● Exercise objective
Only one stretch of lines is wanted: the line with "ロッソ・カンパーナ【2階】の間取り" through the final line of the material. Restate it word for word, minus pictures.
====================
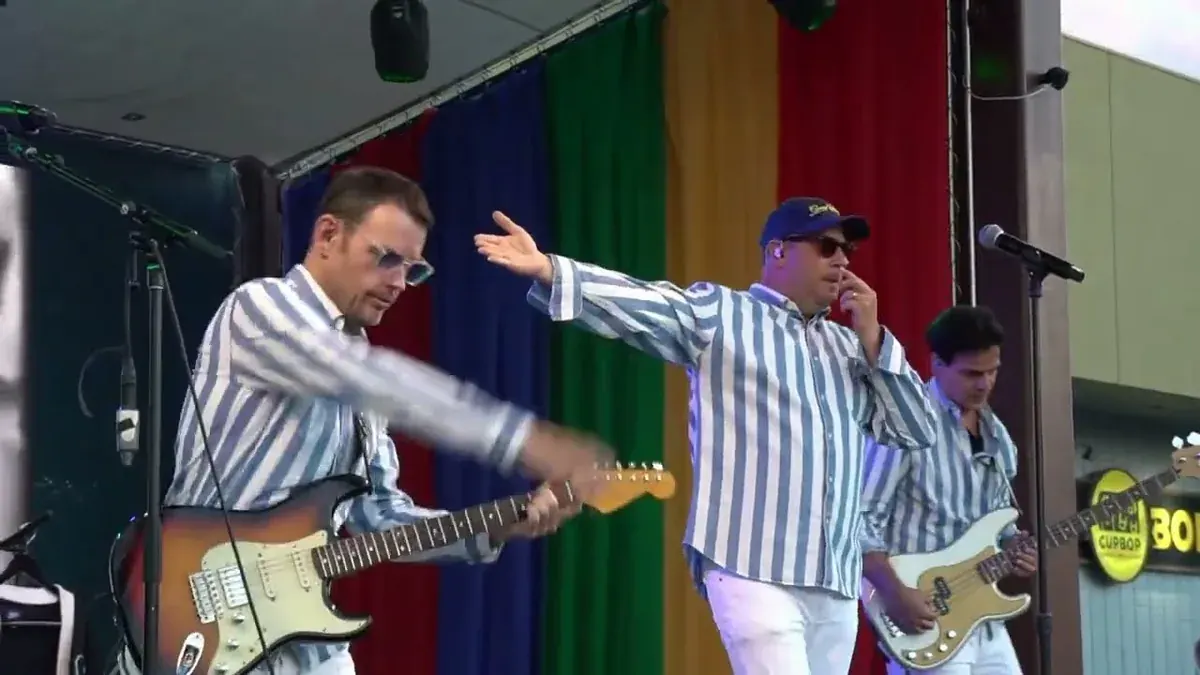 Good Vibrations - full concert at Soda Row, Daybreak, Utah
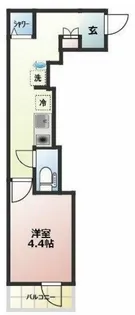 ロッソ・カンパーナ【2階】の間取り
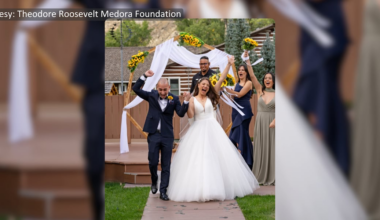 Bulgarian couple finds love, home in Medora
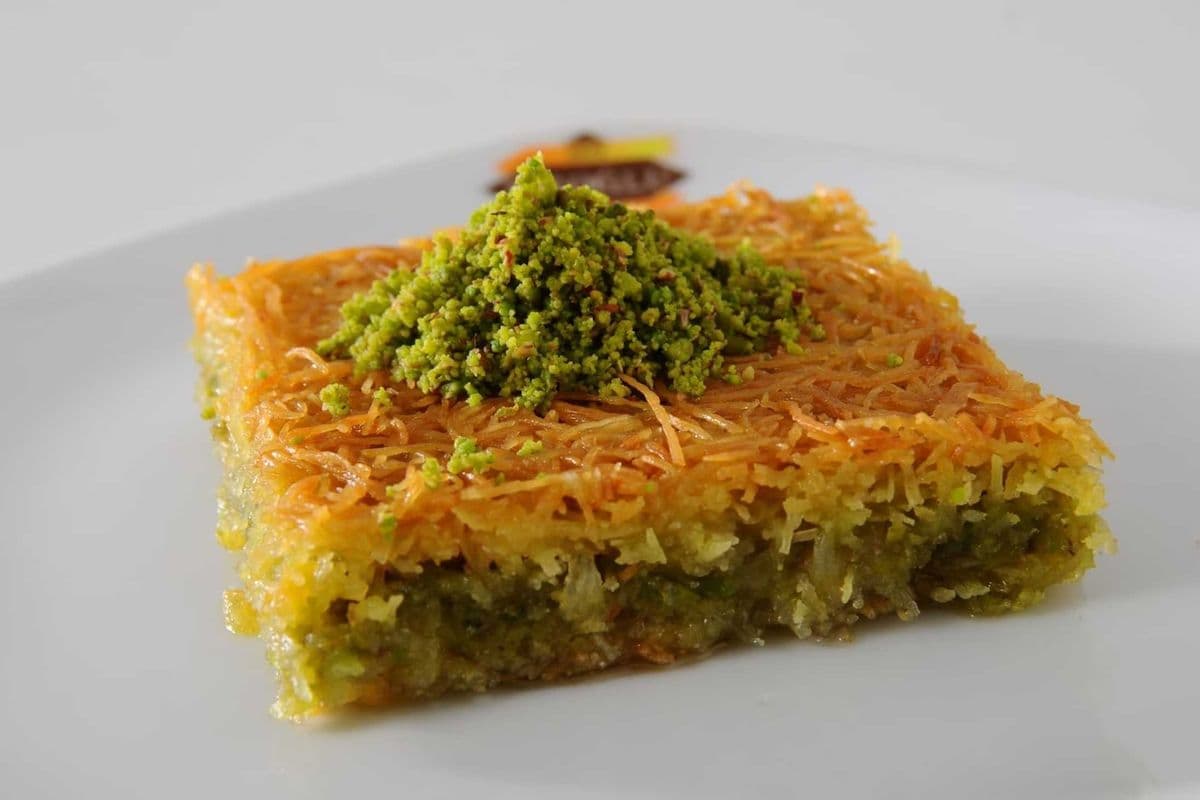Pistachio Kadayif
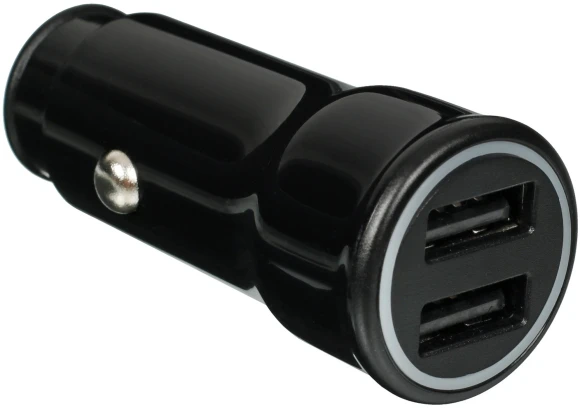 Автомобильное зар./устр. Wiiix UCC-5-2-01-ANT 2.4A (PD) 2xUSB универсальное черный Автомобильное зар./устр. Wiiix UCC-5-2-01-ANT 2.4A (PD) 2xUSB универсальное черный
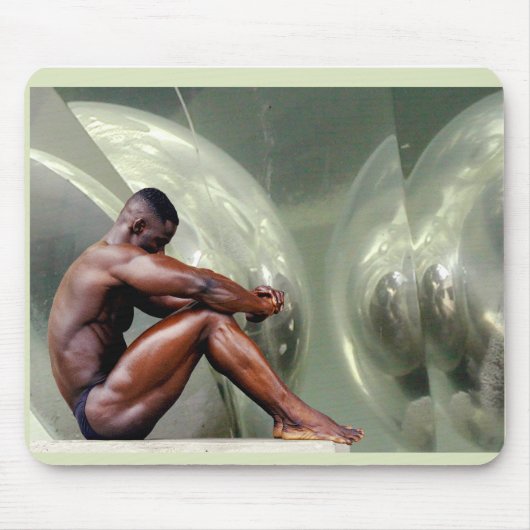 Mousepad, "tapfere neue Welt " Mousepad (Vorne)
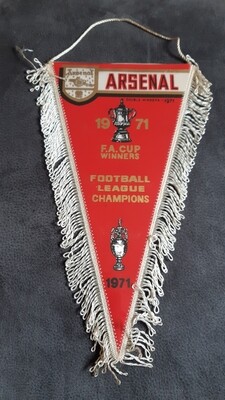 Wimpel Arsenal London 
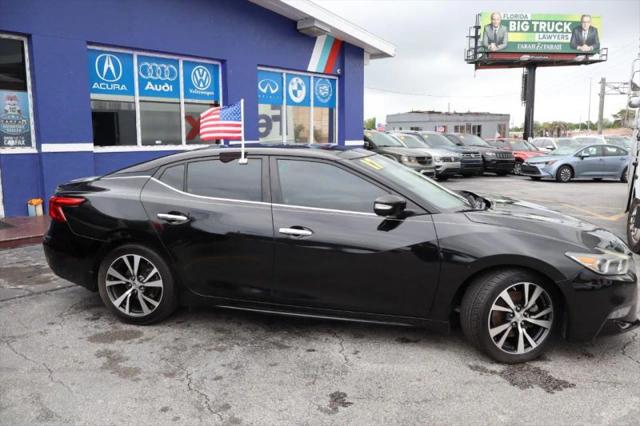 2017 Nissan Maxima 3.5 Platinum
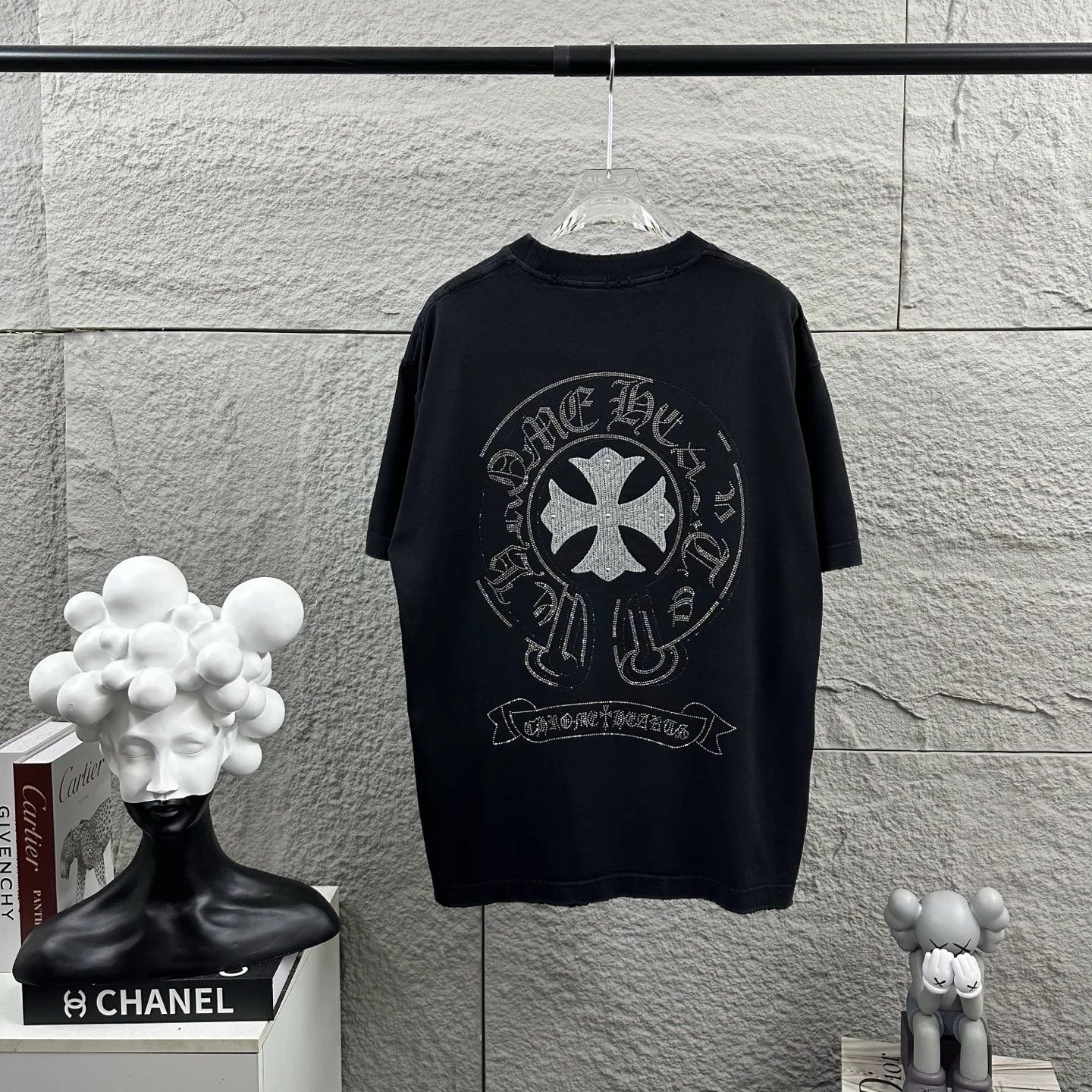 Футболки Женские Chrome Hearts 382240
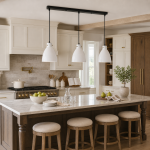 Stellan Vintage Glass Bell Pendant Light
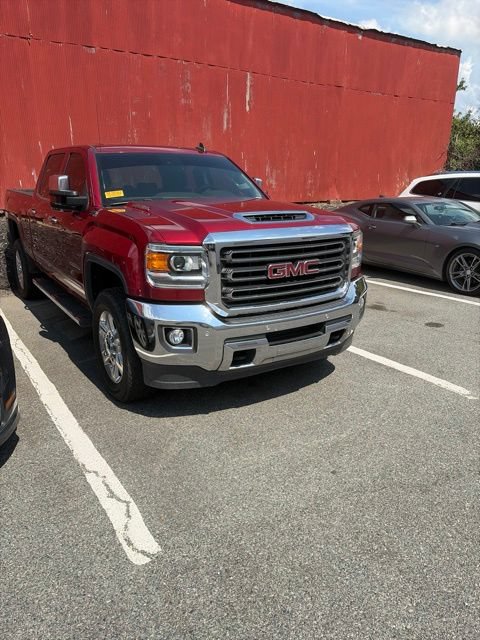 Used 2018 GMC Sierra 2500 SLT w/ Duramax Plus Package AWD/4WD image 3
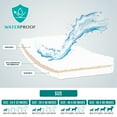 thumbnail image 3 of PetAmi Fluffy Waterproof Dog Blanket For Medium Large Dogs, Soft Warm Pet Sherpa Throw Pee Proof Couch Cover, Reversible Cat Bed Blanket Sofa Protector, Plush Washable Pad (Dusty Blue, 40x60), 3 of 9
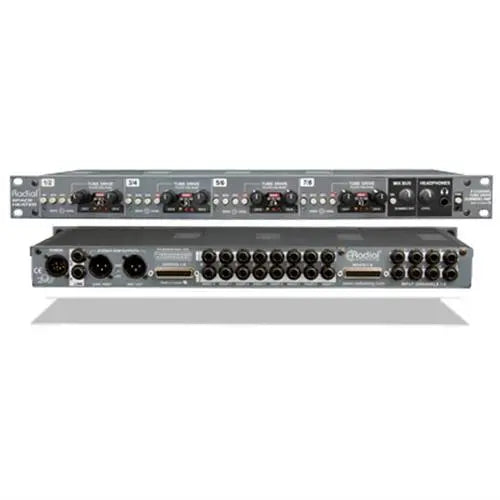 Radial Spaceheater 8-Channel Summing Mixer - Koala Audio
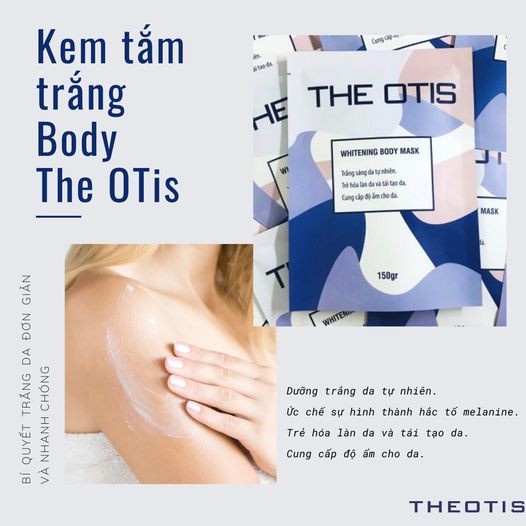 Tắm trắng The OTis Whitening Body Mask | BigBuy360 - bigbuy360.vn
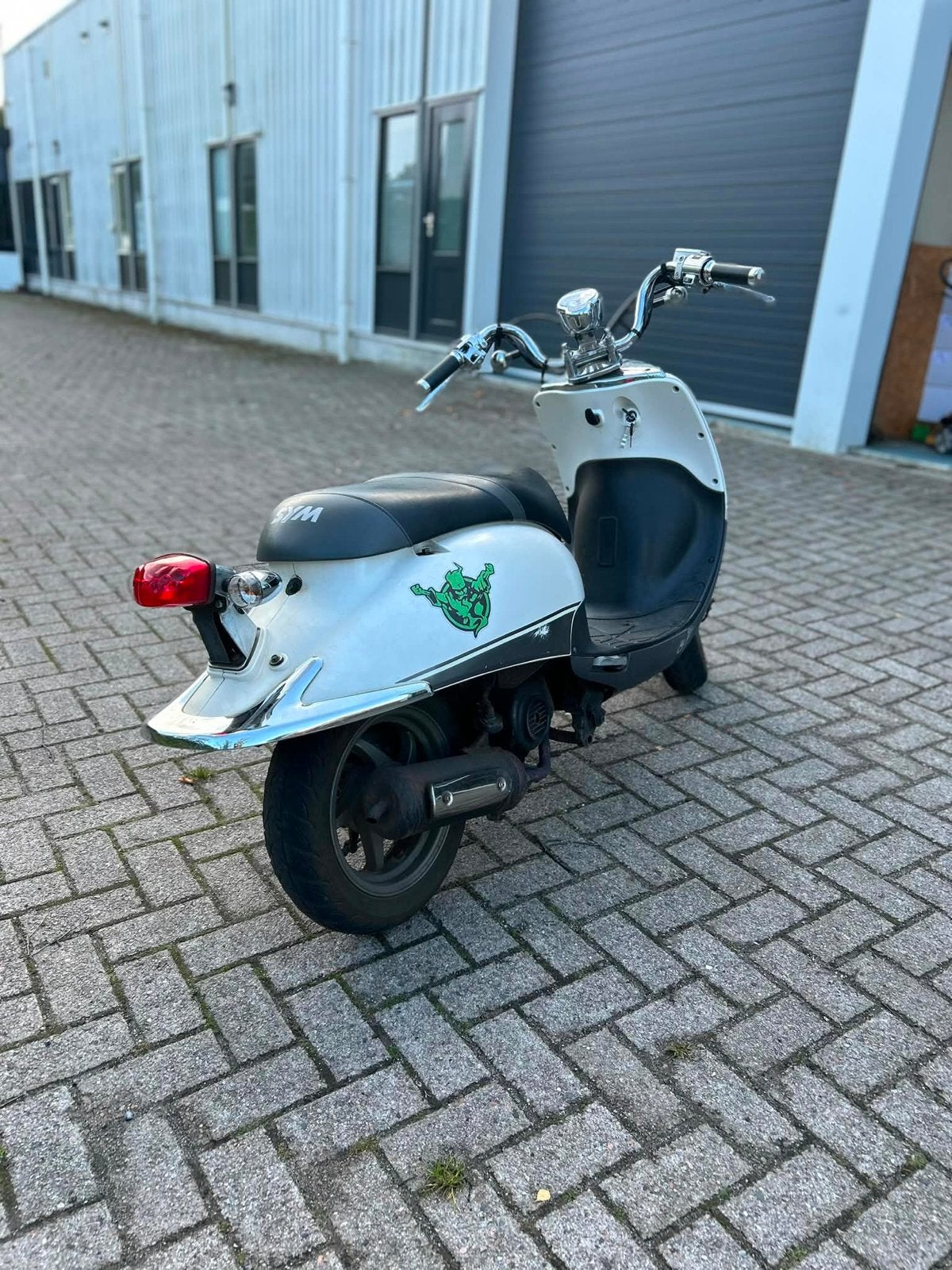 Scooter Sym., Ophalen, Gebruikt, Benzine, Overige modellen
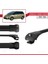 Citroen C4 Grand Picasso 2007-2013 Arası ile Uyumlu Ace-1 Ara Atkı Tavan Barı Siyah 3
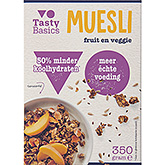 Tasty Basics Müsli frukt och grönsaker 350g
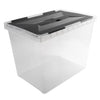 Sunware onyx opbergbox 40l transparant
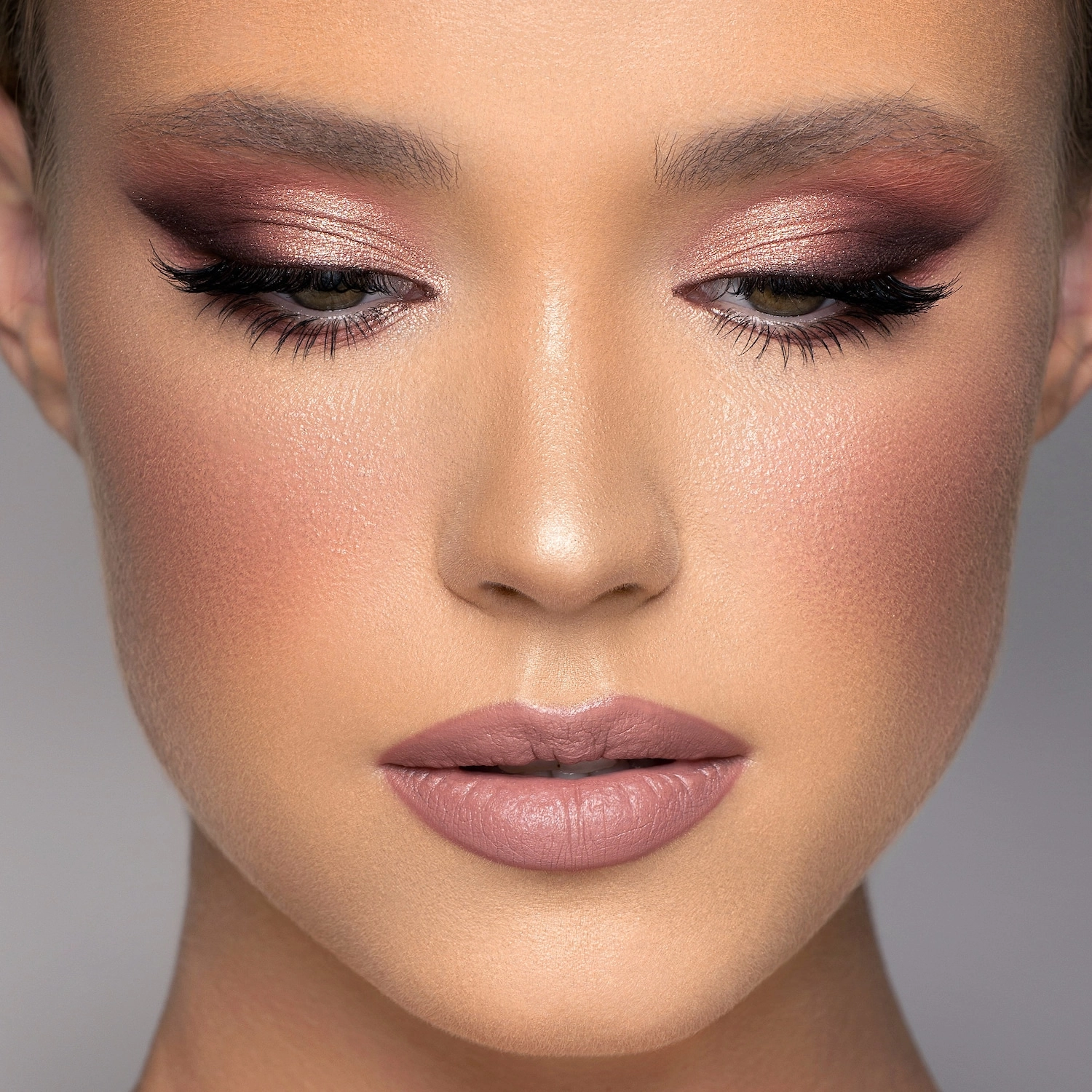 Natasha Denona Mini Biba Eyeshadow Palette Metallic Finish Long-wearing Matte Finish - Image 5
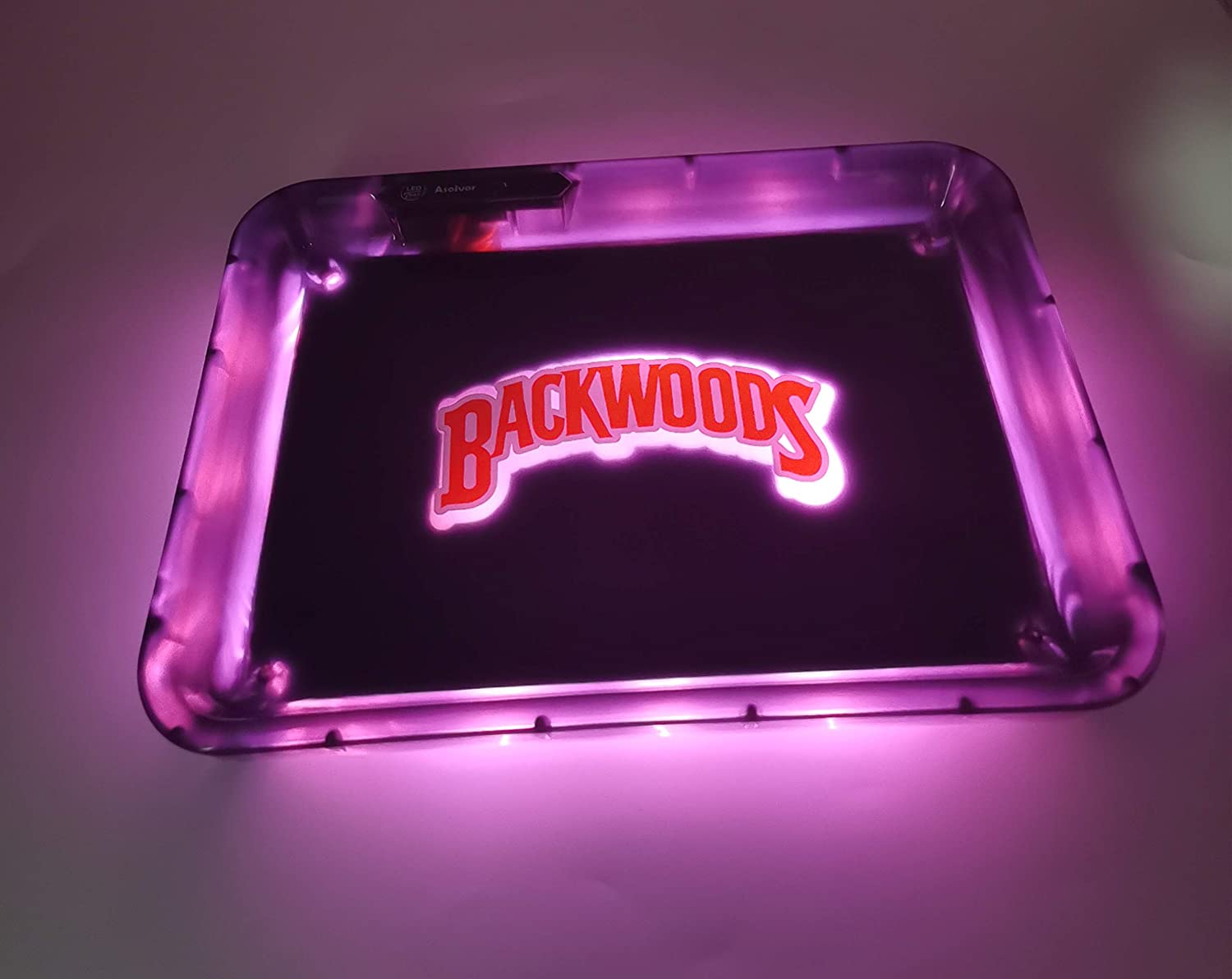 Glow Up Rolling Tray LED Light Up Rechargeable Auto Party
====================
● Written response
 ロッソ・カンパーナ【2階】の間取り
 Bulgarian couple finds love, home in Medora
Pistachio Kadayif
 Автомобильное зар./устр. Wiiix UCC-5-2-01-ANT 2.4A (PD) 2xUSB универсальное черный Автомобильное зар./устр. Wiiix UCC-5-2-01-ANT 2.4A (PD) 2xUSB универсальное черный
 Mousepad, "tapfere neue Welt " Mousepad (Vorne)
 Wimpel Arsenal London 
 2017 Nissan Maxima 3.5 Platinum
 Футболки Женские Chrome Hearts 382240
 Stellan Vintage Glass Bell Pendant Light
 Used 2018 GMC Sierra 2500 SLT w/ Duramax Plus Package AWD/4WD image 3
 thumbnail image 3 of PetAmi Fluffy Waterproof Dog Blanket For Medium Large Dogs, Soft Warm Pet Sherpa Throw Pee Proof Couch Cover, Reversible Cat Bed Blanket Sofa Protector, Plush Washable Pad (Dusty Blue, 40x60), 3 of 9
 Radial Spaceheater 8-Channel Summing Mixer - Koala Audio
 Tắm trắng The OTis Whitening Body Mask | BigBuy360 - bigbuy360.vn
 Scooter Sym., Ophalen, Gebruikt, Benzine, Overige modellen
 Citroen C4 Grand Picasso 2007-2013 Arası ile Uyumlu Ace-1 Ara Atkı Tavan Barı Siyah 3
 Tasty Basics Müsli frukt och grönsaker 350g
 Sunware onyx opbergbox 40l transparant
 Natasha Denona Mini Biba Eyeshadow Palette Metallic Finish Long-wearing Matte Finish - Image 5
 Glow Up Rolling Tray LED Light Up Rechargeable Auto Party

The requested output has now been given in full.